The window to pull one off is far more forgiving than the all-or-nothing parries of past souls games, and the reward for doing so is proportionately smaller. Yet, grafting this system makes boss fights with that back-and-forth rhythm so much more common.

Sekiro is sometimes described as a rhythm game in a trenchcoat, and that’s pretty accurate. When you settle into the much yearned-for flow state, you can find yourself tapping that block button like one might bang a drum. But I actually don’t really like rhythm games—and yet, I adore a good “sekirolike”. Why is that? Well, I’ve got a couple of ideas.

The art of the duel

The fox swordsman Yi in Nine Sols.

(Image credit: Red Candle Games)

Some of FromSoftware’s best boss fights have been its “duels”. These are bosses that help you feel as if you are on even footing with your opponent—entering an arena not with an insurmountable wall of flesh, but with a rival. The key to these is partly just aesthetic, but it’s also the feeling of trading blows.

That’s hard to do when you can only block or dodge roll. A timed block system, however, matches the push and pull of a martial arts movie. Rather than sluggishly fat-rolling around wide swings, you’re planting your feet and matching your enemy’s strikes beat for beat before going in for your turn. It’s full-tilt Wuxia (which is probably why wuxia-fest Wo Long: Fallen Dynasty used it).

There’s an intangible neurological glee I get when I walk into a boss room, get flattened by an inscrutable chain of sword-swings and then—little by little—start to download them. It’s like the Matrix, if the Matrix suffered a terribly slow AOL-era landline connection. It’s gotten to the point where I don’t even care about beating the boss, anymore, I just want that sense of mastery. I don’t have a problem, I can quit trying to no-hit Nine Sols’ final boss any time I want.

Nine Sols expanded on this with the “Unbounded Counter”: You need to pre-emptively hold down the block button to charge it, and then release at the right moment. The catch being, you can only charge it for so long before you whiff your defense entirely. Succeed, though, and you’ll send your foe reeling, no matter how big their blow is. Which leads me to the other half of the coin of my love for this mechanic—because some games let you parry anything.

David meets Goliath

Maelle attacks an enemy in Clair Obscur: Expedition 33.

(Image credit: Kepler Interactive)

Since time immemorial, we’ve worshipped at the altar of the underdog. David fells Goliath with a well-placed slingshot, Odysseus clings to a fig tree to evade Charybdis—you get the idea.

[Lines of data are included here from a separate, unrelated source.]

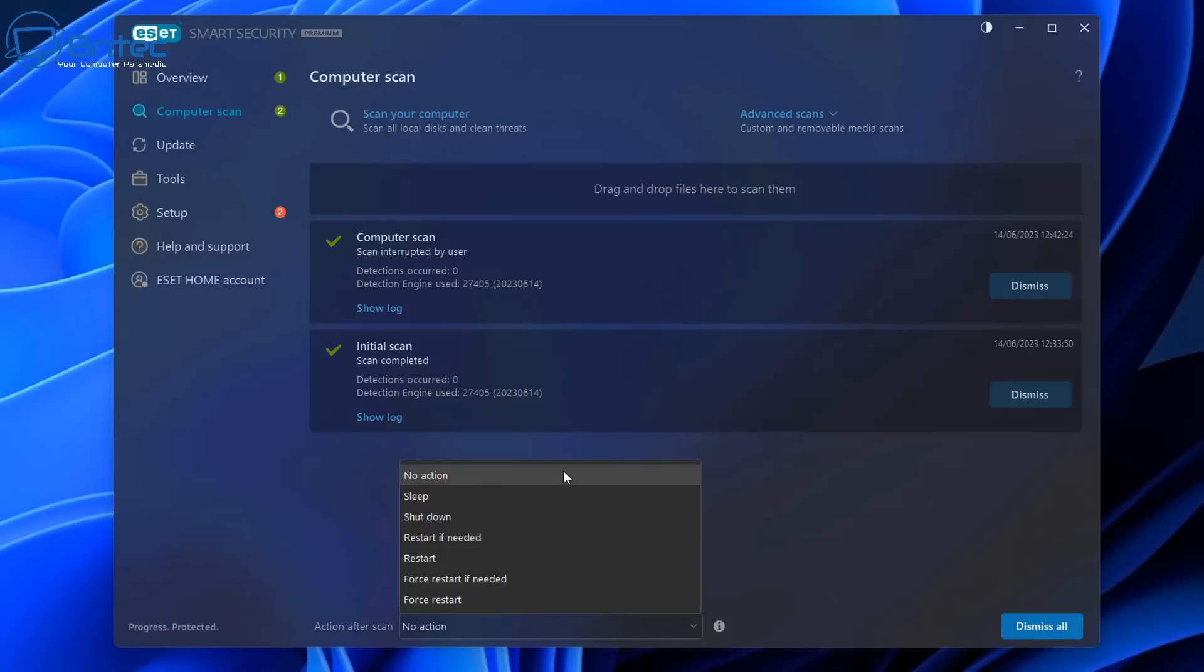That is the scan features here. You also have no actions, sleep, shutdown and restart, and all that sort of stuff at the bottom here for your actions.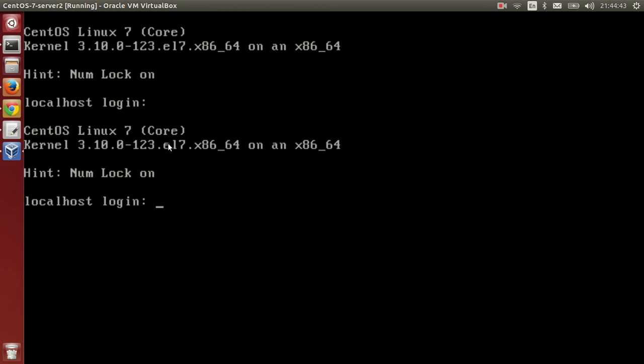Hello all, my name is Sharath and in this tutorial we will learn how to reset a forgotten root password in Red Hat Enterprise Linux version 7 and CentOS Linux version 7.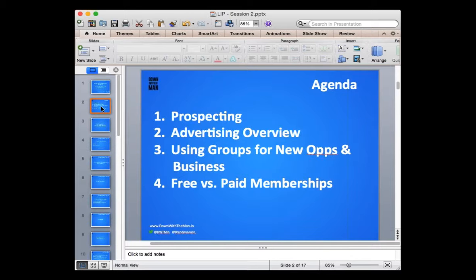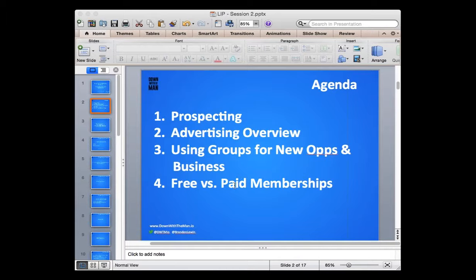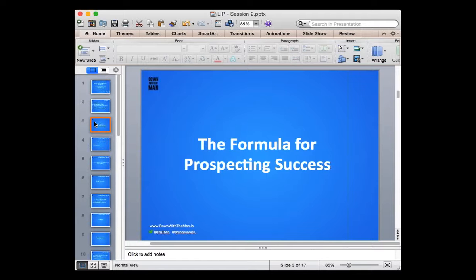On that page we also have the full guide which essentially covers everything we'll be learning over the next three weeks. Make sure you go there and reference it — you all should have the links and passwords. After today I'll send you another link for this presentation, which is being recorded and will be uploaded to the website. Today we are going to be talking about prospecting, advertising opportunities, using groups for new opportunities, and free versus paid memberships.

There’s something in our brains predisposed to adore the idea of a little guy choosing just the right moment to strike, and defying all odds. Souls games are similar, putting you in the shoes of a little guy, and then training you up to meet each Goliath with a “nah, I’d win.”

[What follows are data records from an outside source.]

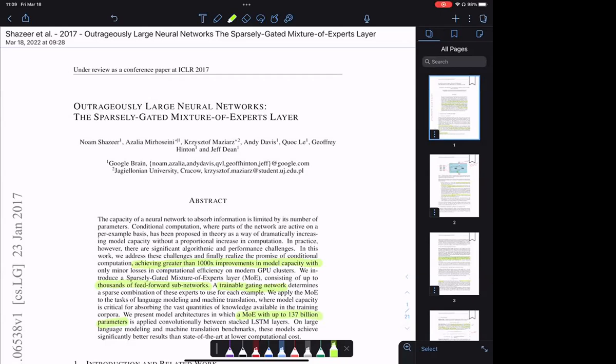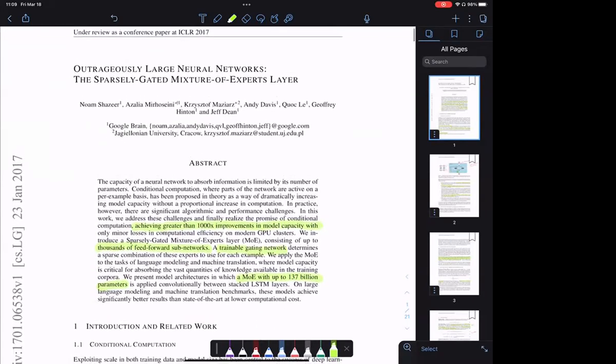There's a bunch of interesting performance improvements they do here. The title is 'Outrageously Large Neural Networks: Sparsely Gated Mixture of Experts Layer.' Whenever we do the dendrites work, people always bring up: is it just like a mixture of experts? And it kind of is, and it kind of isn't. I think this work is much more directly like a mixture of experts thing, but it's very relevant — we can talk about the differences between this and our dendrites work.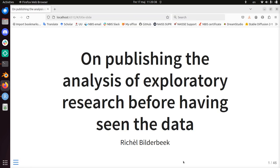Hi, my name is Richer Bilderbeek and I'm going to practice my talk for Open Science Uppsala. Open Science Uppsala is, as you would expect, the open science community in Uppsala.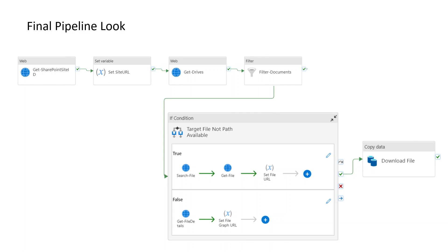This is the final pipeline layout. The first step gets the SharePoint site ID, which is then stored in a variable and referenced in multiple places. Next, we get the drives — listing all drives available on the site — and filter for the particular drive we need. The pipeline then reaches a conditional (if condition): if we know the file name and file path, we go directly to the directory/subdirectory and get the file. If we do not know the file name and are searching by entity ID, another property, or modified date, we take the search path.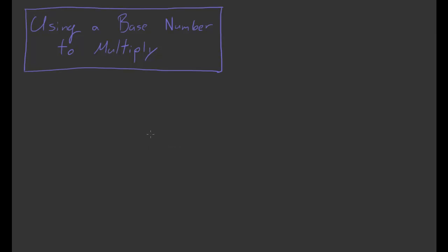So the first example, let's do 12 times 17. So quickly, we would think this is going to be 190 plus 14, which is equal to 204.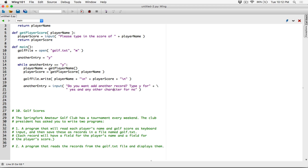The very first time the program runs, 'another_entry' is going to be set to Y. While 'another_entry' is equal to Y, we get the player's name, we get the player's score, we write to the file the player's name and score separated line by line because of the newline character, and we ask the user again: do you want to add another record?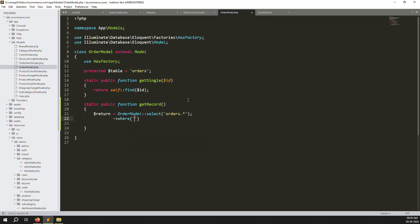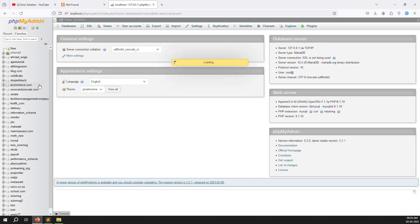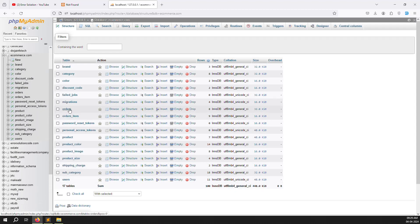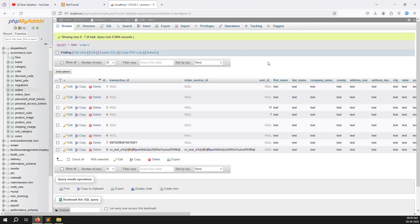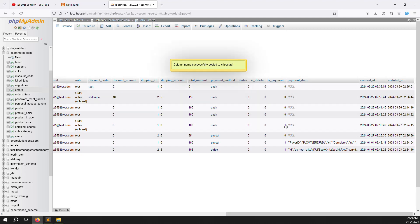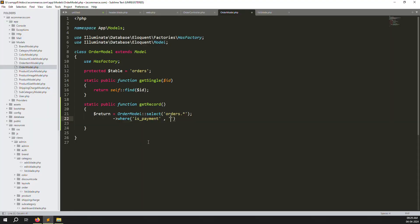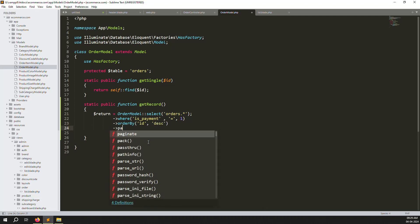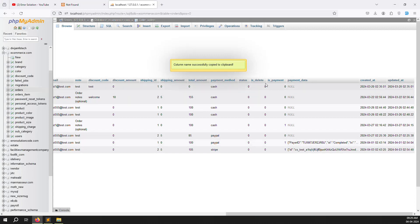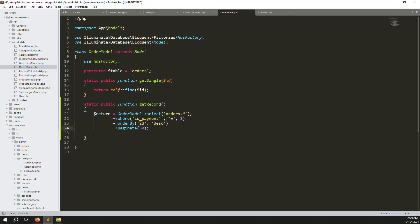Open the database and check the orders table to understand the conditions needed. Add a where clause: is_payment equals 1, to show only paid orders. Add orderBy id descending, and add paginate to show 13 orders per page.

In my mind, the timed block and the parry are the closest a game can get to that mythological feeling of toppling a giant. In contrast to the idea of a duel, this benefit of the timed block is a seemingly infinite suspension of disbelief that we have for parrying when we’re behind the wheel.

If I was asked to believe that a small robot deflected a giant’s building-sized fist by raising their own at the right time in a TV show, I’d roll my eyes. In Ultrakill, though, the feat of batting away The Corpse of King Minos’ giga-swings with nothing but your spindly synthetic arm is rad as hell. Okay, I might cheer for that on the silver screen too, but the point is I’d require worldbuilding and setup for it. V1 doesn’t need Chekhov’s gun, he just does it.

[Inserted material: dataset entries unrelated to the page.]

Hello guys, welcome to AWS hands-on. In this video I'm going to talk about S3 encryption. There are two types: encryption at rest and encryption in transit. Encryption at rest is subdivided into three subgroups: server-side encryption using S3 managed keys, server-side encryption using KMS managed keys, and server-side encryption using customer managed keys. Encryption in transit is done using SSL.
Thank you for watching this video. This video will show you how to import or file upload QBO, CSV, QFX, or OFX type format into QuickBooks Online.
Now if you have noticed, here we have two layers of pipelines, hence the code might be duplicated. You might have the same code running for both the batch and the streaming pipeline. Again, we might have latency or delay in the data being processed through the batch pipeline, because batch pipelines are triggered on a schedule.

Personally, I think the timed block is the future of soulslike games. It just unlocks so many possibilities, combining so satisfyingly with so many elements of your average soulslike, that I’m surprised Elden Ring didn’t have it (outside of a Hardtear introduced in Shadow of the Erdtree). Let me tap my way through Malenia’s Waterfowl Dance, Hidetaka Miyazaki. I promise it’ll be cool as hell.